**Problem details**
Beneath this task are records; print exactly the stretch of them from the line with "Guess Tatum Satchel - Shell" through the line with "Pokemon UP Gallery", both ends included.

**The records**
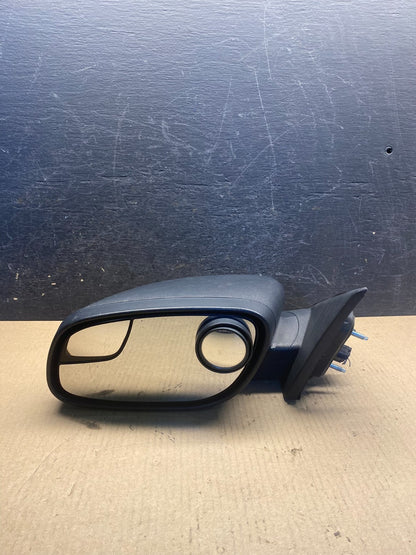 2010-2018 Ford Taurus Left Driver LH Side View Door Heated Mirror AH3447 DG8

* * *

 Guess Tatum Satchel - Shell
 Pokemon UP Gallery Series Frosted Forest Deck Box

* * *

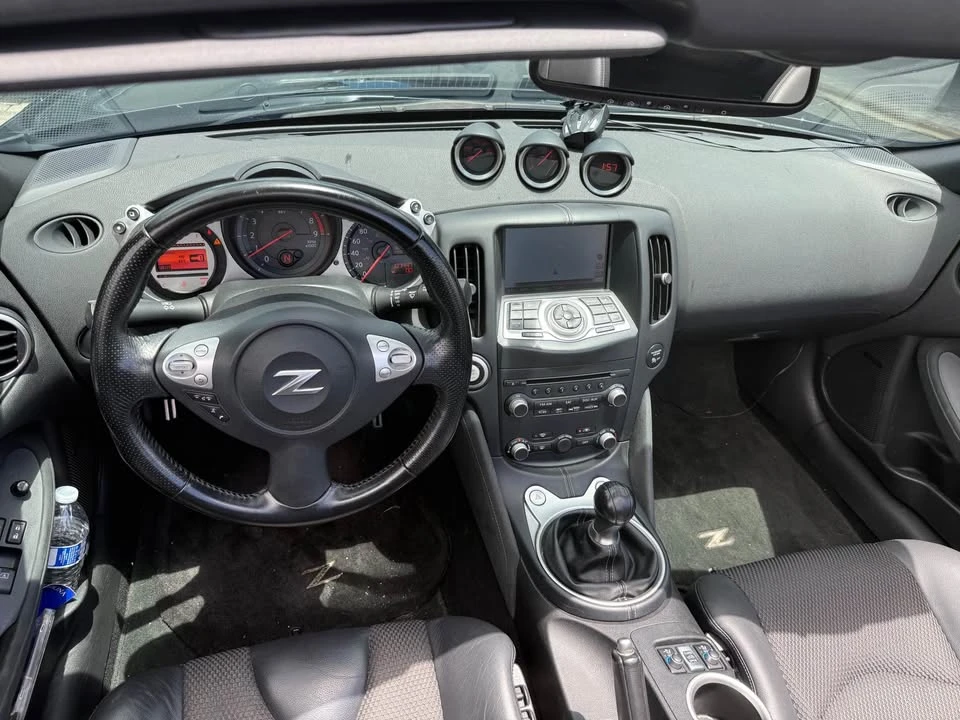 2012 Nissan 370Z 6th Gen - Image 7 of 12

**Solution to this task**
 Guess Tatum Satchel - Shell
 Pokemon UP Gallery Series Frosted Forest Deck Box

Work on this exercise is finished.